It’s been nine years since I became a mother. Much has changed while much has stayed the same. For instance, laughing and crying at the same time. I still do that, but for different reasons. Nine years ago I was an earnest reader of What To Expect In The First Year. I was riveted. I probably made notes, charts, even a Captain’s Log, Stardate and all. However, the laugh/cry came when I uncovered the terrible truth. The inescapable path of The Pregnant Princess is to become, no, not the Queen Mother, but rather, the Post Partum Peasant.
So, in my heap of creased clothes and equally creased skin, with a baby I didn’t really know what to do with, I discarded What To Expect and started reading other books. A peasant after all, doesn’t need to be crisp, ironed and perfect, does she? So I worked my way through spy books, kite books, bee books, library books, book club books, even defecting ballet dancer books. I held onto that sweet baby and (perhaps with a more anxious grip) to the needy one that followed. While patting their backs and deciphering their screams, I travelled worlds through books.
The other day that first sweet baby turned nine. It’s dawned on me that the chaos subsided and my time crept back.

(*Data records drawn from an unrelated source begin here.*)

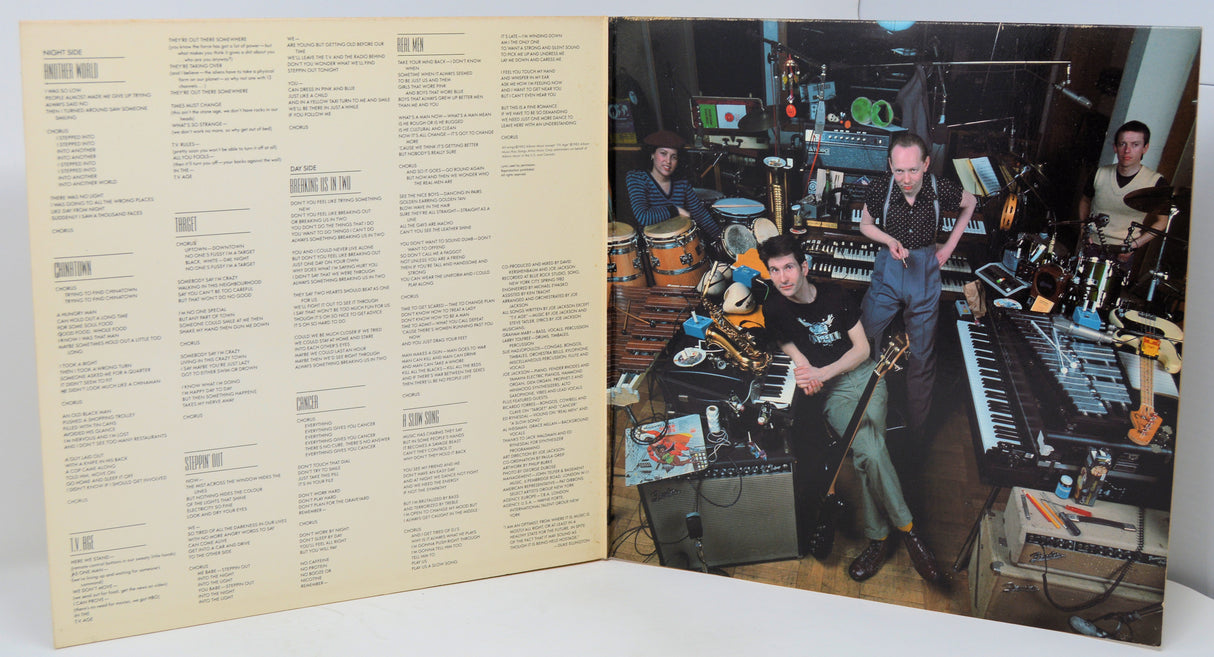 Vinyl record with a cover featuring musicians in a studio setting.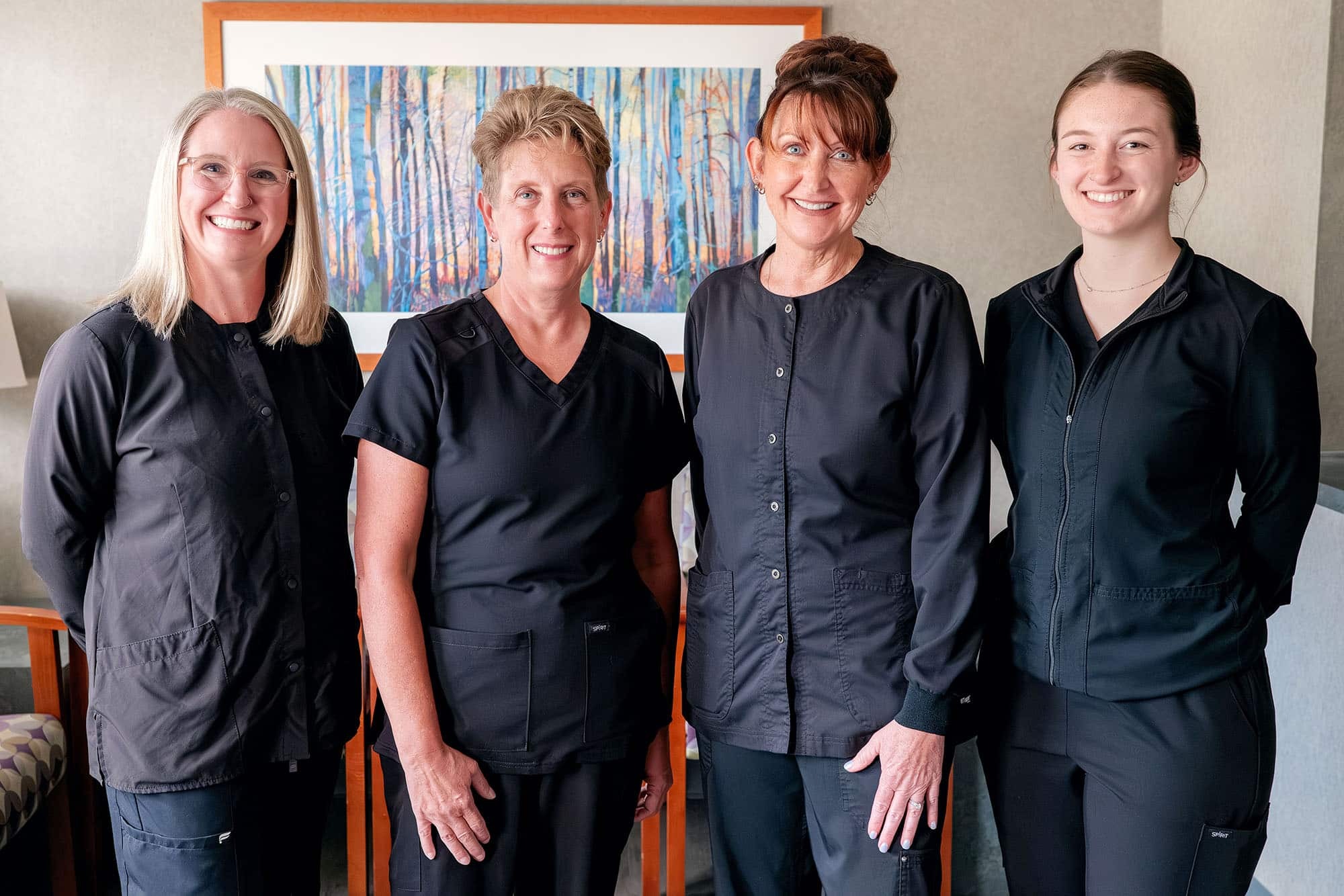 Four dental professionals in dark uniforms standing together in a clinical office setting.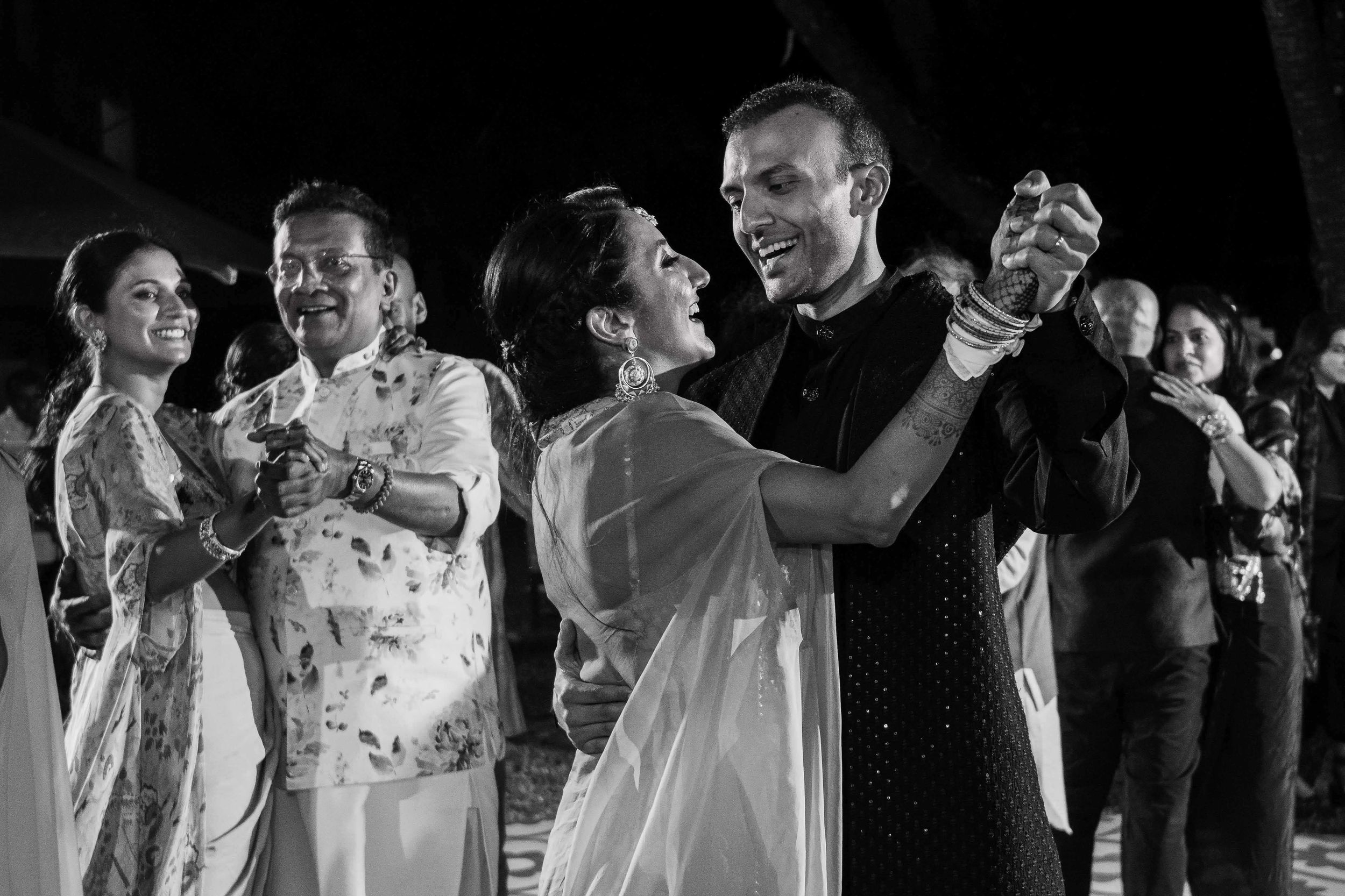 Black and white photo of couples dancing together at an elegant evening celebration.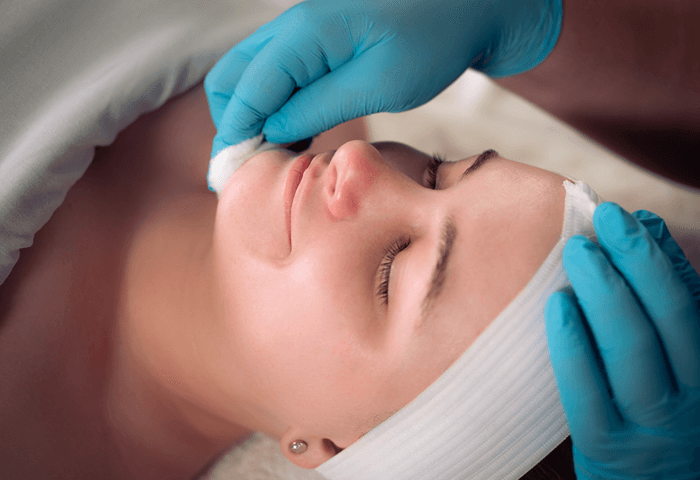 Woman with eyes closed smiling as she received facial at Massage Envy.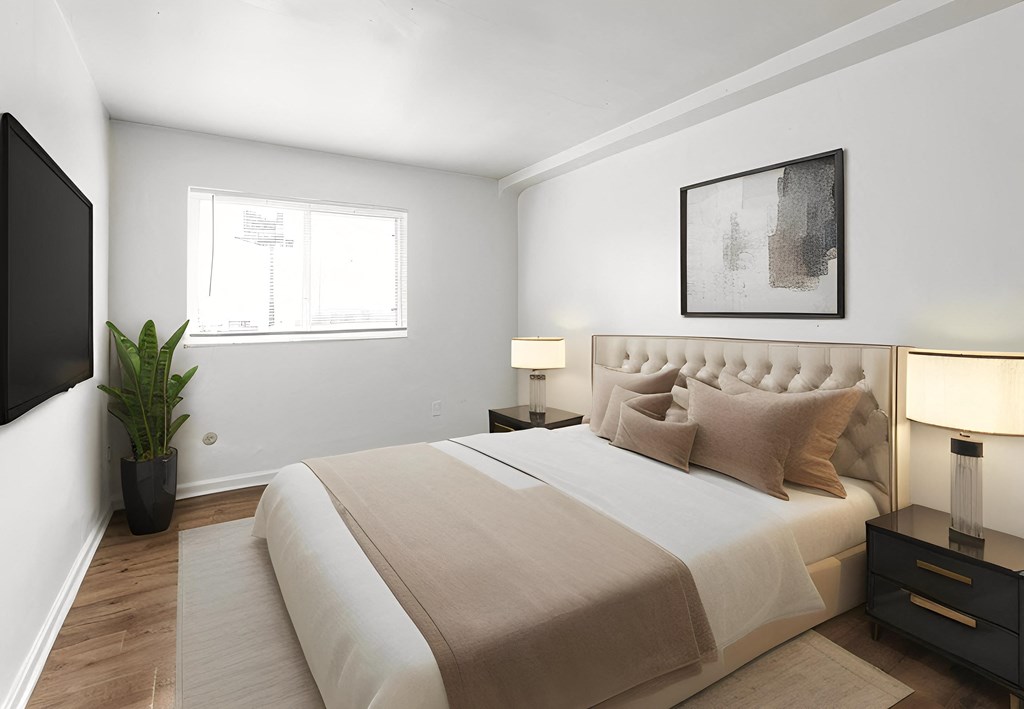 a bedroom with a large bed and a tv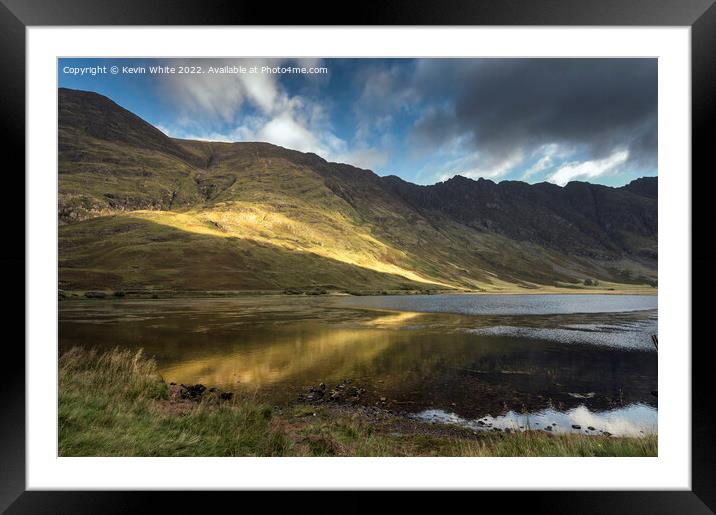 Sun breaking through the clouds Framed Mounted Print by Kevin White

Now, we are all reading books, a jumbled pile of my current fixation with crime thrillers set in Sault St. Marie and their’s, with The Secret Seven. (Thankfully, no one wrote What to Expect in The Ninth Year, because, I don’t want to know. Leave me in the dark rather than leave me to obsess over the details.) On the day the sweetie turned nine I was lying on my bed (because, drum roll…,they’re at school), reading nothing earnest and parental, but rather Stephen King’s On Writing. He’s frank and he’s brash and we all know he is smart but he has little time for “literary gasbags” (perhaps the literary version of the Baby Self Help crowd?) and plenty of time for the self-doubting novelist.
As was my journey into motherhood, so has my journey into writing been fraught with earnest endeavor. I panic at the thought of symbolism, theme and arc just as I panicked at the thought of feeding, developmental milestones, and heaven help us, sleeping through the night. When I caught myself laughing and crying at Stephen King, it wasn’t at the discovery of any terrible truth. It was sheer relief. I realized that no matter how much you struggle as a writer, the requirements for survival are, much like motherhood, quite simple. Good sense. Good Basic Tools. Hard work. Another writer, Steve Hamilton, (of the thrillers set in Sault St. Marie) encourages himself by keeping a lego brick on his desk. Writing a book is a process, like a lego house, it’s one brick at time. A little bit every day. The pressure to be Shakespeare is off. I shall write the book, one word, one sentence, one paragraph at a time. And, when school is out, I shall be the best mother I can be. One hug, one kiss and one quiet conversation at a time.